* **The records**:
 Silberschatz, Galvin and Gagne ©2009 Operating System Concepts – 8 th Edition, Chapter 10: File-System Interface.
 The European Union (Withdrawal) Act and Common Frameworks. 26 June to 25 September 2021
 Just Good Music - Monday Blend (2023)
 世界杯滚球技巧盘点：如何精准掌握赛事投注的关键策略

---

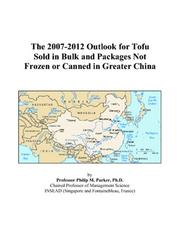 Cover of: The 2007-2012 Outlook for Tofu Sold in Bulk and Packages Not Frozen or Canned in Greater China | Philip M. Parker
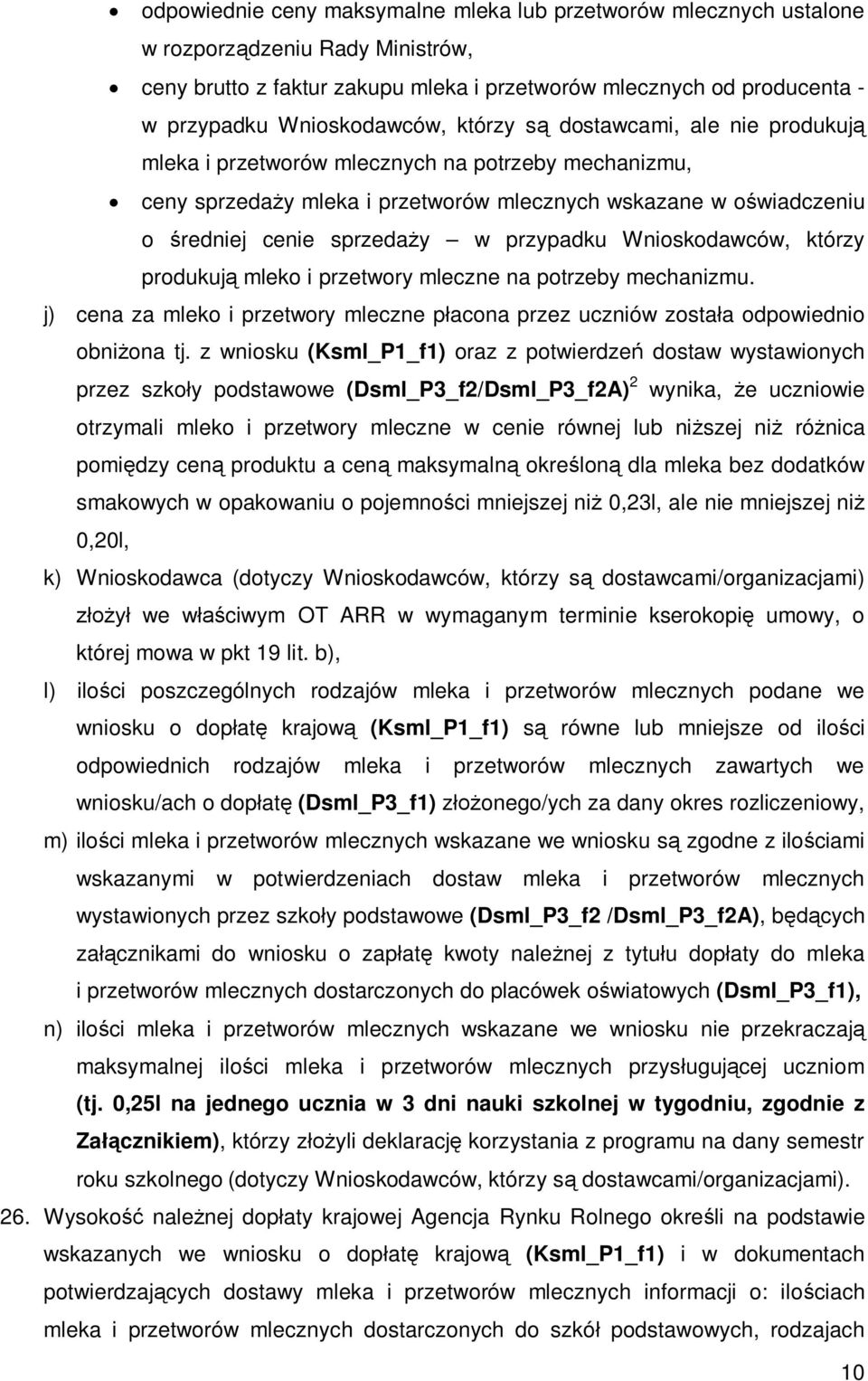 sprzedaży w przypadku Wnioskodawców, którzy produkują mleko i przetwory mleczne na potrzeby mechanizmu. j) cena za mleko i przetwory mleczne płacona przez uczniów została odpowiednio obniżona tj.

...

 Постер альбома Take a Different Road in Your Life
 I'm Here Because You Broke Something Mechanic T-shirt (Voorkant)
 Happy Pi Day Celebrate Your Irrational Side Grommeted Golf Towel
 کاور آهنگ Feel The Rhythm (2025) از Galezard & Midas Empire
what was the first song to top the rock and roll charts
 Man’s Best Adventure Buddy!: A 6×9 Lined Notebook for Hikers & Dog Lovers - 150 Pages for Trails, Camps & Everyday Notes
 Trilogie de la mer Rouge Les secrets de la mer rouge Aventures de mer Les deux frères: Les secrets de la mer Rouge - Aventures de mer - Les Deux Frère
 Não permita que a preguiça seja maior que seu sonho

* **Directions**: Copy each line above containing the string "Your".

* **Completed exercise**:
 Постер альбома Take a Different Road in Your Life
 Happy Pi Day Celebrate Your Irrational Side Grommeted Golf Towel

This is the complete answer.